SOURCE: Danfoss A/S

January 15, 2010 08:00 ET

Danfoss A/S Announces Additional Delay in Launch of Tender Offer to Acquire Remaining Public Minority Stake in Sauer-Danfoss Inc.

NEW YORK, NY--(Marketwire - January 15, 2010) - Danfoss A/S ("Danfoss") announced on December 22, 2009, its intention to commence a cash tender offer (the "Offer") for all shares held by the public minority shareholders of Sauer-Danfoss Inc. ("Sauer-Danfoss") (NYSE: SHS) at $10.10 per share in cash, without interest and less any required withholding tax. The stake of approximately 24.3% not owned by Danfoss and its subsidiaries would be valued at approximately $118,750,000 at the $10.10 per share offer price.

Danfoss issued a press release on January 8, 2010, announcing a delay in the commencement of the Offer to permit Danfoss and the Special Committee of the Board of Directors of Sauer-Danfoss (the "Special Committee") to discuss certain matters.
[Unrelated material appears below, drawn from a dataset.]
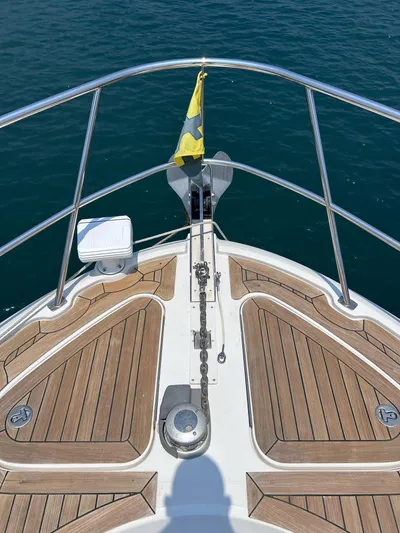 Here & Now 2017 Sea Ray 510 Fly @ Acapulco Yacht Photos Pics Bow of 2017 Sea Ray Fly 510 yacht with teak decking and railing.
Danfoss and the Special Committee continue to have discussions and are working to resolve these matters expeditiously. Danfoss plans to commence the Offer as soon as practicable once these matters are resolved, but cannot provide any assurances as to whether and when these matters will be resolved.

As stated in Danfoss's December 22, 2009, press release, Danfoss's sole interest is in acquiring the shares of Sauer-Danfoss that it does not already own and it has no interest in a disposition of its controlling interest in Sauer-Danfoss or in any strategic transaction involving Sauer-Danfoss, other than the proposed Offer.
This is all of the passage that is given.